Three Questions. The investigators who descended on the Hughes case were picking away like archaeologists at what now appear to be the ruins of Irving's story. Initially, there were three major questions: 1) What became of the $650,000 that McGraw-Hill thought that it was advancing to Howard Hughes for the book? 2) Did Clifford Irving ever meet with Howard Hughes? and 3) If they never met, then where did Irving get the material for the book?

The money question has been substantially solved. Irving admits that his wife Edith, posing as a woman named Helga R. Hughes, opened an account at the Swiss Credit Bank in Zurich, deposited the McGraw-Hill checks made out to H.R. Hughes and then withdrew the money and salted it away in several other Zurich banks. Irving claims that he made the arrangements at Hughes' request. Last week, however, a few more details of those transactions came to light.

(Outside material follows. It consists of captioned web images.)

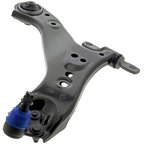 Mevotech CMS861313 Suspension Control Arm and Ball Joint Assembly - Front Right Lower - view 1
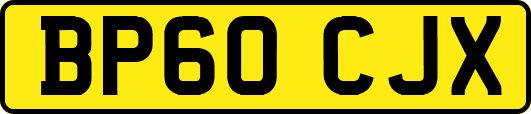 BP60CJX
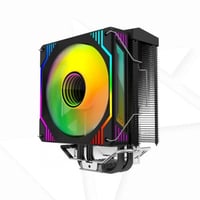 HighEnd H-400 killer pro Black | مبرد هوائي احتراف...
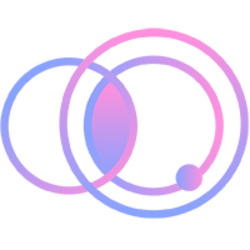 Mobius Finance logo Mobius Finance crypto logo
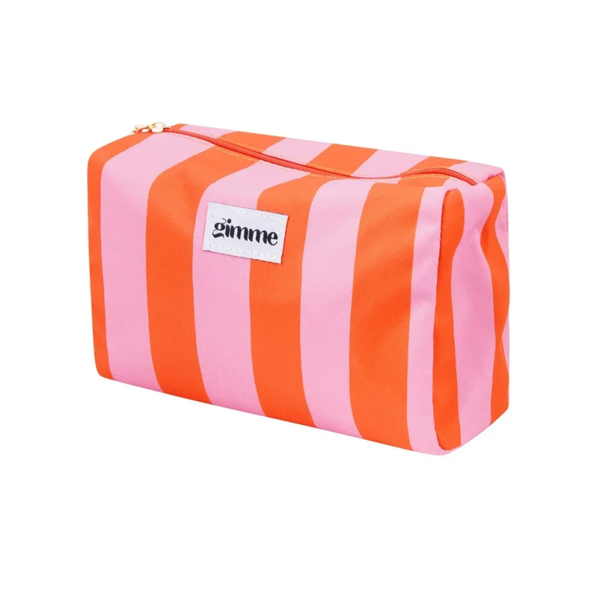 Gimme Summer toiletry bag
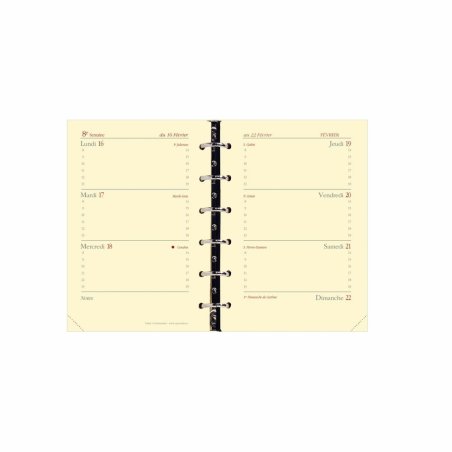 Quo Vadis 938004Q personal organizer accessory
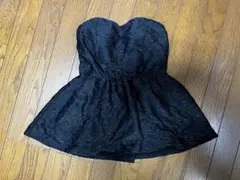 LIP SERVICE ベアトップ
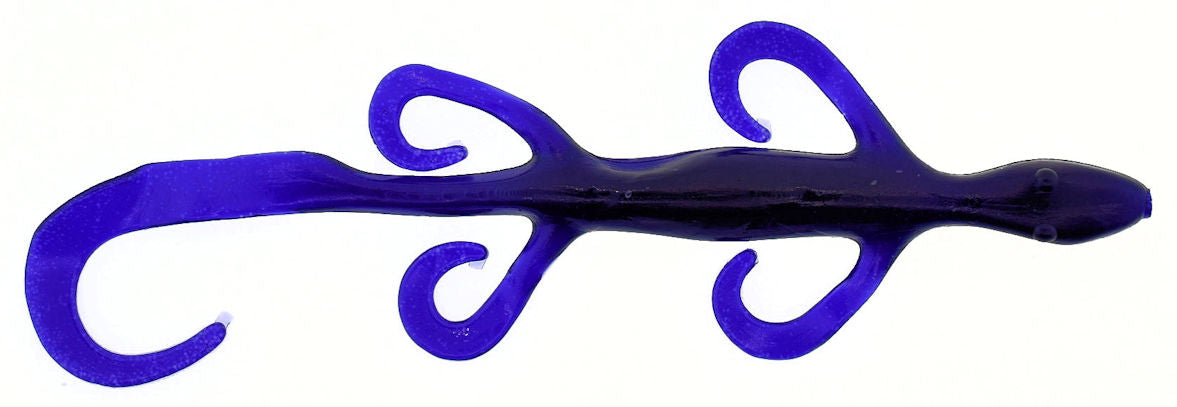 Zoom Magnum Lizard Black Grape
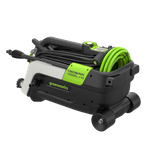 Мойка высокого давления электрическая Greenworks PW5130, 1700 Вт, 130 бар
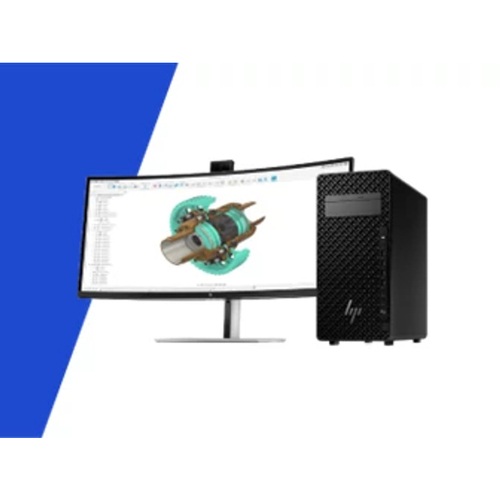 HP Z2 Tower G1i Workstation Desktop PC Wolf Pro Security Edition. Processor family: Intel Core Ultra 7, Processor model: 2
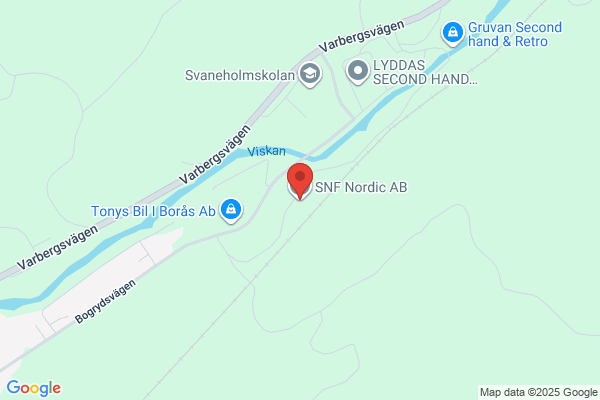 SNF Nordic AB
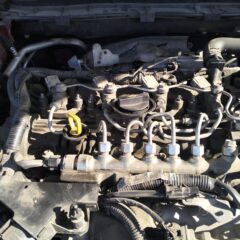 culata para mazda 6 sedán (gj, gl) 2.2 d (gj2fp) referencia motor sh01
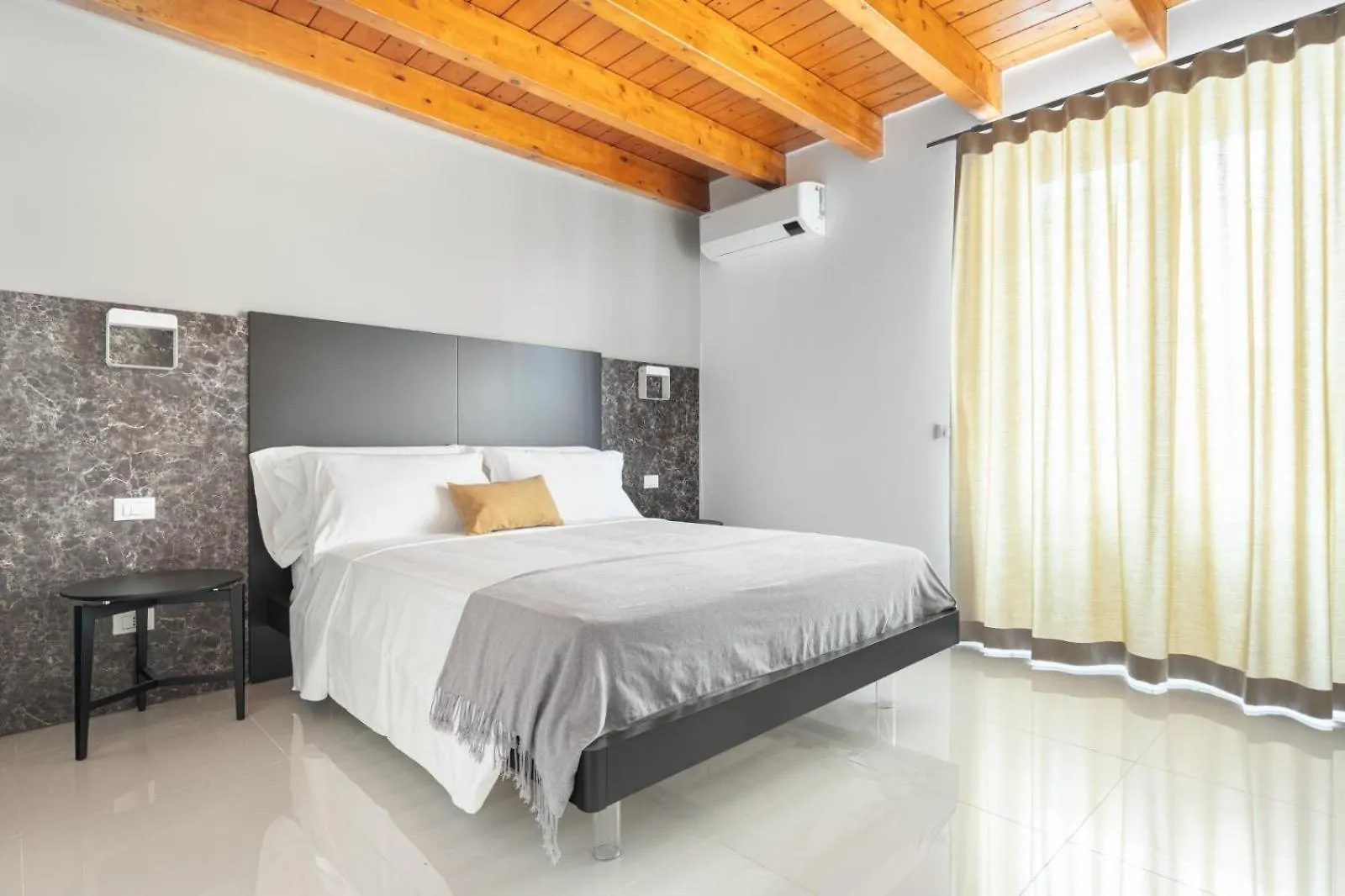 La Terrazza Su Dante Rooms باليرمو إيطاليا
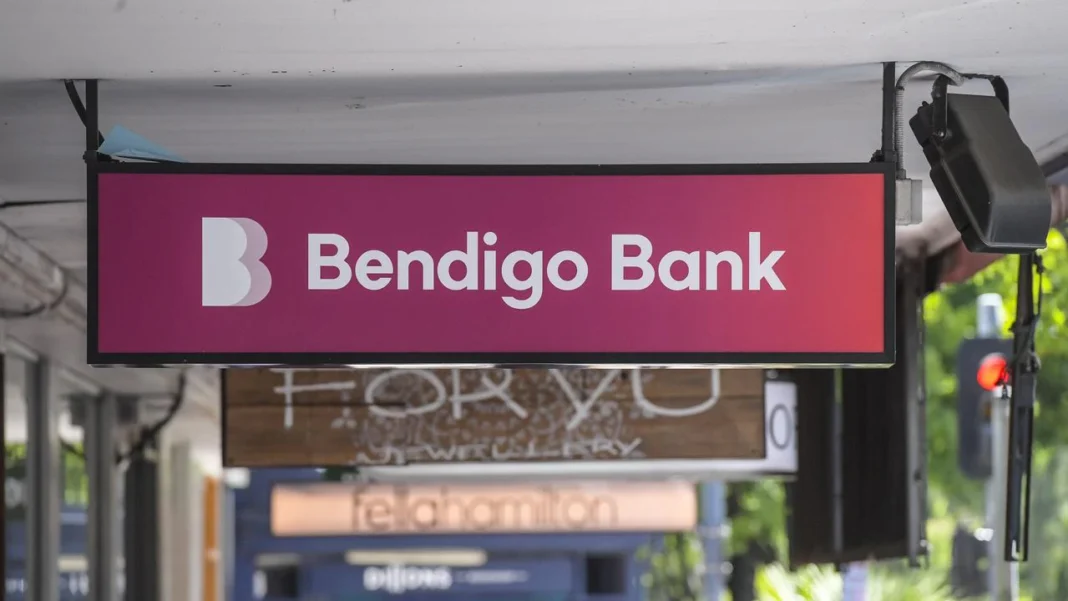 Bendigo Bank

For one thing, Edith opened one of the secondary accounts in the name of Hanne Rosenkranz. Edith's first husband, a West German businessman named Heinz Deiter Rosenkranz, is now married to a woman named Hannah, whose West German identity card Edith evidently used in opening the account, using the diminutive Hanne. Edith forged the specimen signature to do so. In addition, Swiss authorities found that Edith's "Helga R. Hughes" passport was actually a Swiss passport that had been issued to her in the fall of 1968, after she had reported her old one missing.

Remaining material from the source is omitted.